This article is the fifth in the Designing Performance-Based Learning at D51 series. A reminder: D51 uses the phrase performance-based learning or P-BL.
Growing into the Framework
Superintendent Steve Schultz doesn’t ask “How are we going to implement?” Instead he thinks, “We have forty-four schools. How are they each going to grow into the framework?” The job of the district is to help learn, grow, and co-create with schools the new performance-based system (P-BL). The answer is through a more personalized approach that lets schools and educators start where they are in their current learning and move forward from there.
Five Phases of Implementation
Everything is in motion at District 51, and everyone is moving forward with the understanding that the different pieces will eventually need to be aligned.
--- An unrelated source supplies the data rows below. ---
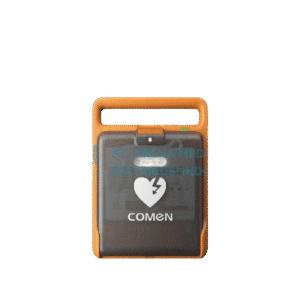 COMEN Automated External Defibrillator-F2A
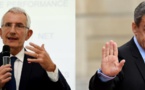 Lagardère, en perte nette en 2019, nomme Sarkozy et Pepy au conseil de surveillance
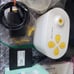 Medela Breast Pump Set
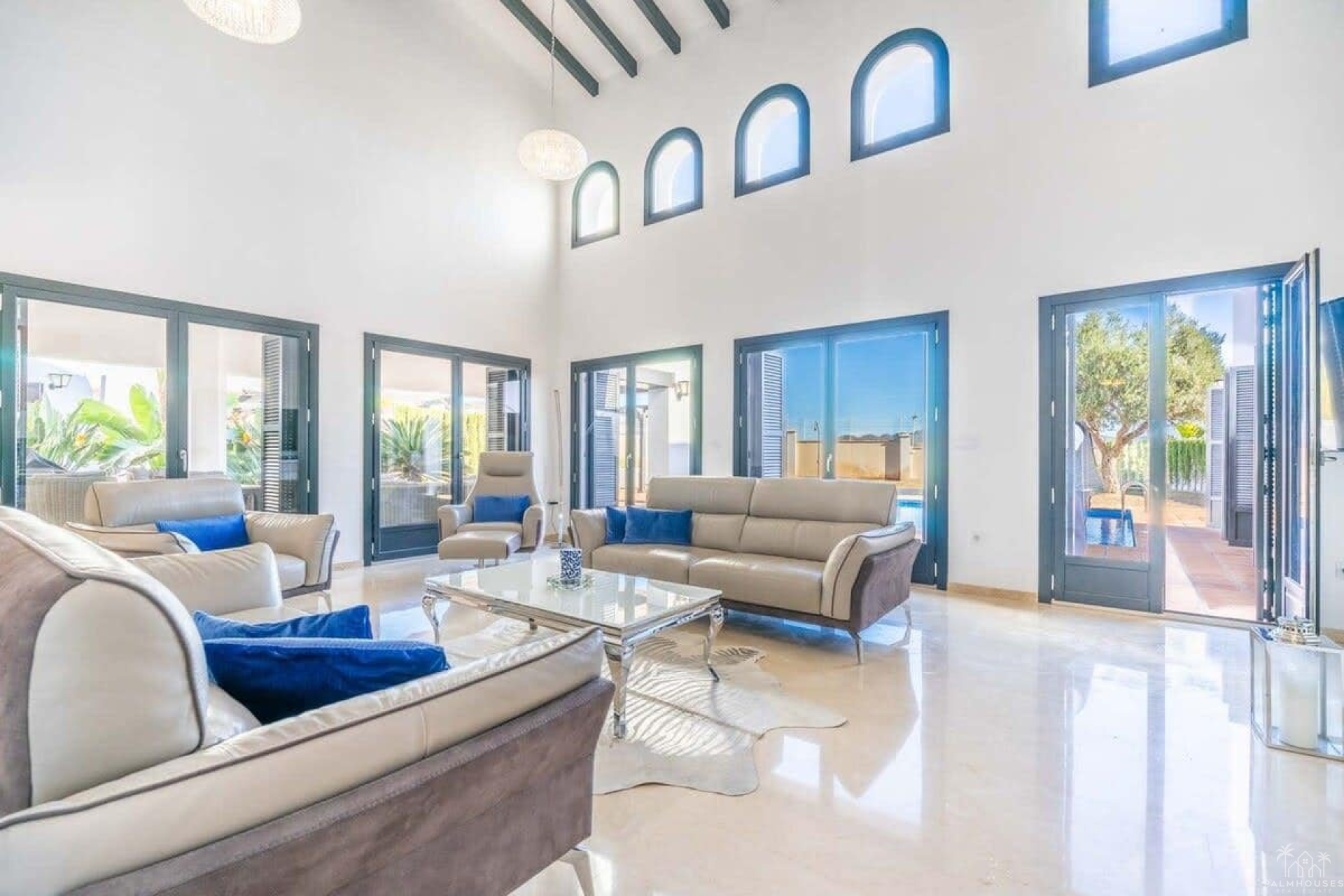 Revente - Villa - El Valle Golf Resort - Inland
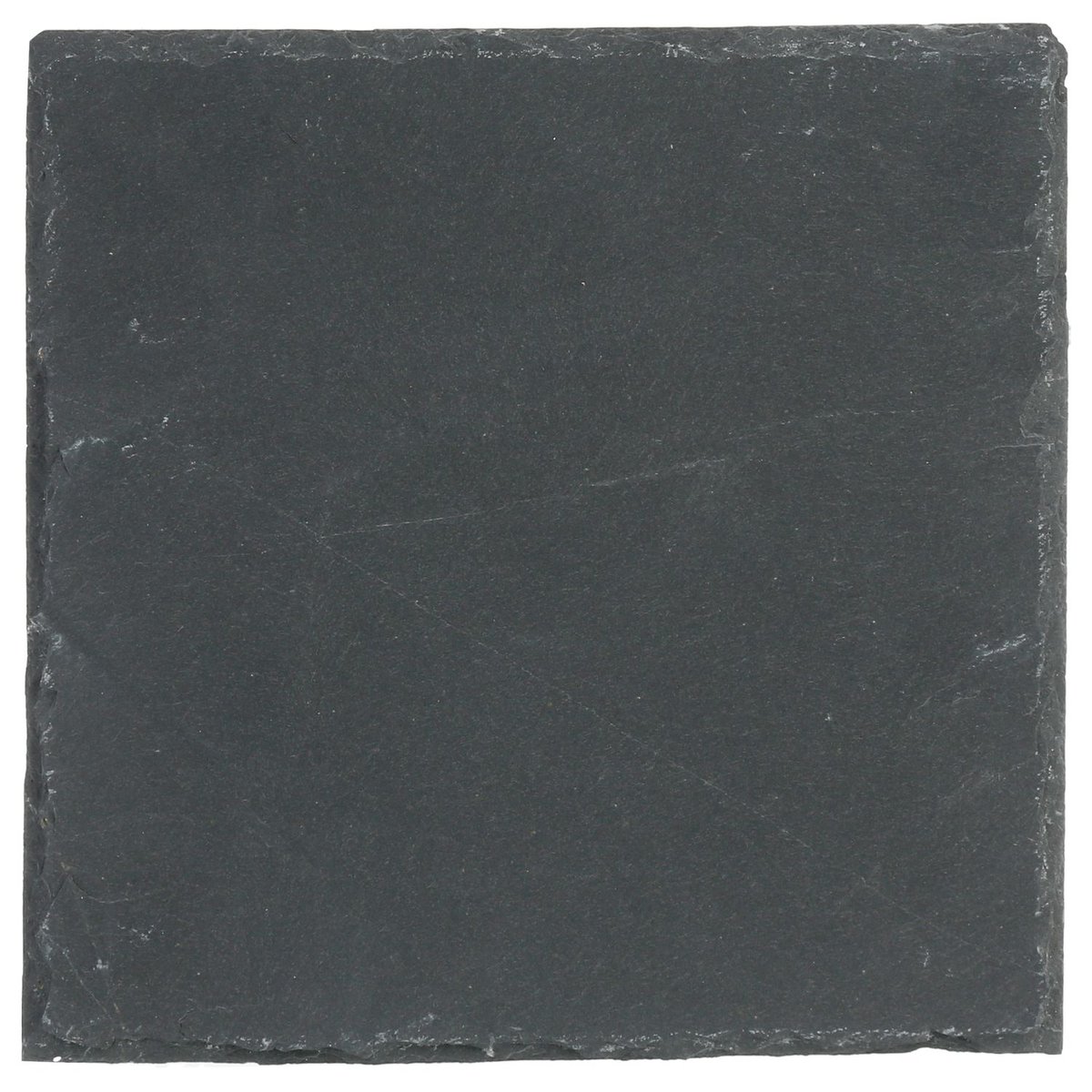 Assiette En Ardoise gris, SECRET DE GOURMET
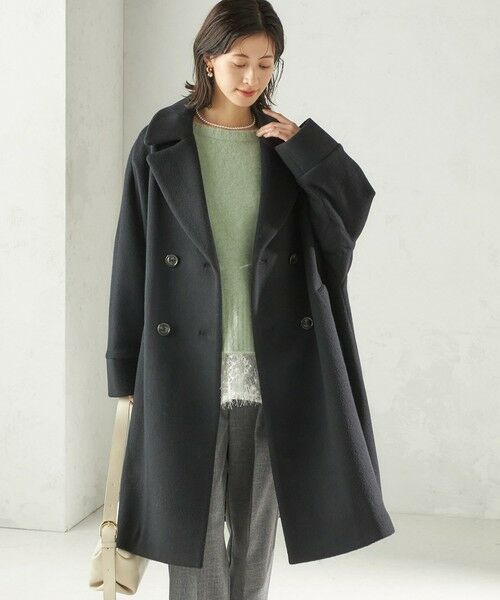 TICCA:テント コート （その他アウター）｜SHIPS / シップス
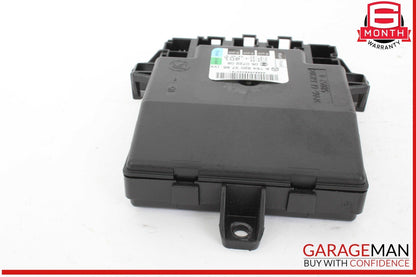 06-13 Mercedes W164 ML550 GL450 Front Left Side Door Control Module OEM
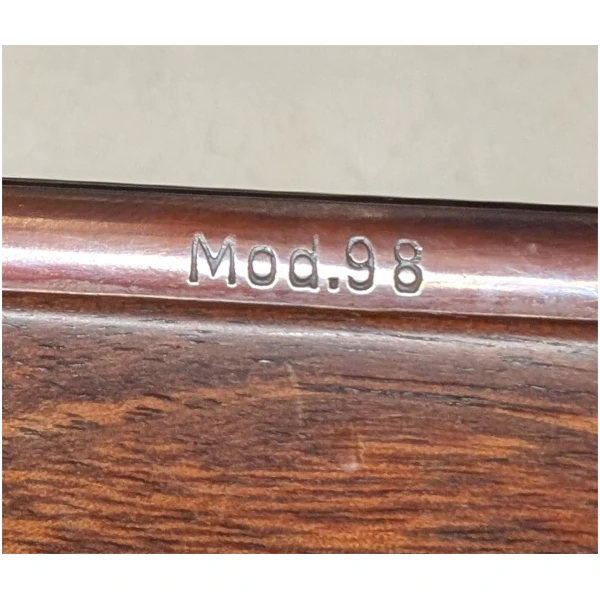 MAUSER MODEL 98 .30-06 - Image 4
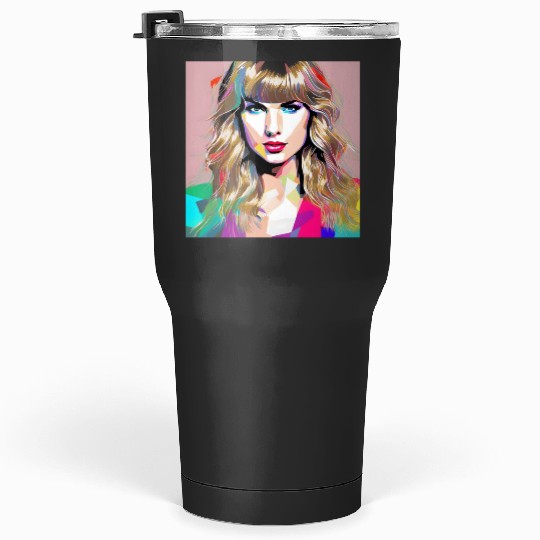 Discover Taylor and Pop Culture  Album 1989 Taylor Vintage T-Shirt,  Taylor Shirt Gift Fan Made S-5XL Tumblers 30 oz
Thus, everything is draft and everything stays open until related work is done. Paul Jebe, Director of Educator Effectiveness, likened it to the whirling tea cups at Disneyland, bringing back that experience of loving every spin while simultaneously praying that it might be over soon.
Still in their first year of implementation, D51 has intensive activity in three of their five phases of work underway – so don’t make the mistake of thinking phase suggests sequence. There is a cohort of seven demonstration schools that are hungry to put the entire model into place as soon as it is ready. (When they sign up to be a demonstration school they are committing to demonstrating to others what performance-based learning looks like – it’s important to understand that they are not pilots.) The trick is that given the simultaneous development of many of the pieces, the demonstration schools might find themselves operating in the third phase even if they are missing some pieces from phases one or two. In a few more years, there will be efforts underway, schools and educators in all five phases as they continue to design, refine, skill-build, and engage.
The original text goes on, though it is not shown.